Since $x=P_1,\ xP_n= P_{n+1} +nP_n$, this proves that it is possible for any $x^n$ to be represented as a sum of $P_k:= (x)(x-1)\dots(x-k+1)$ where $1\le k \le n$, $ \ n \in \mathbb{N}$. We have $$x^n = \sum\limits_{k=1}^n C_{(n,k)} P_k$$ where $C_{(n,k)}$ is just some constant that depends on $n, \ k$, This also give us a way to calculate the first $C_{(n,k)}$ for $1\le n\le 6$.

$$x=P_1$$ $$x^2 = P_1+ P_2 $$ $$x^3 = P_1 + 3P_2 +P_3 $$ $$x^4=P_1 +7 P_2 + 6P_3 +P_4$$ $$x^5=P_1+15P_2 +25P_3+10P_4 +P_5$$ $$x^6=P_1+31P_2 +90P_3 +65P_4+15P_5+ P_6$$

The question is How to represent $C_{(n,k)}$ in a "nice" closed from? I expected at first that $C_{(n,k)}$ have some relation to the binomial coefficients $x, \ x^2, \ x^3$ I believed that such simple relation could be found, but after I calculated $x^4, \ x^5, \ x^6$ it turns out that $C_{(n,k)}$ is more complicated that I initially thought .
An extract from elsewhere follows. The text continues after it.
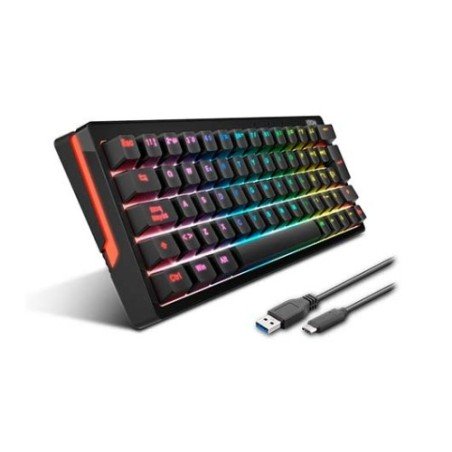 Teclado y Raton Gaming NOX KREATOR Mecanico Gaming Negro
After some thinking representing $x^n$ as a sum of $P_k$ can be useful ,For example:

$\sum\limits_{r=1}^m r^n = \sum\limits_{r=1}^m\sum\limits_{k=1}^n C_{(n,k)} P_k(r)$ where $P_k(r)=(r)(r-1)\dots(r-k+1)= k!\dbinom{r}{k} $

$$ \sum\limits_{r=1}^m \sum\limits_{k=1}^n C_{(n,k)} P_k(r)= \sum\limits_{k=1}^n C_{(n,k)} \sum\limits_{r=1}^m P_k(r)=\sum\limits_{k=1}^n C_{(n,k)} \sum\limits_{r=1}^m P_k(r) $$ $$= \sum\limits_{k=1}^n C_{(n,k)} \sum\limits_{r=1}^m k!\dbinom{r}{k}$$

$$ \sum\limits_{r=1}^m\dbinom{r}{k} =\dbinom{m+1}{k+1} $$

So $$\sum\limits_{r=1}^m r^n =\sum\limits_{k=1}^n k!C_{(n,k)} \dbinom{m+1}{k+1}$$

This gives us a general formula for $\sum\limits_{r=1}^m r^n $.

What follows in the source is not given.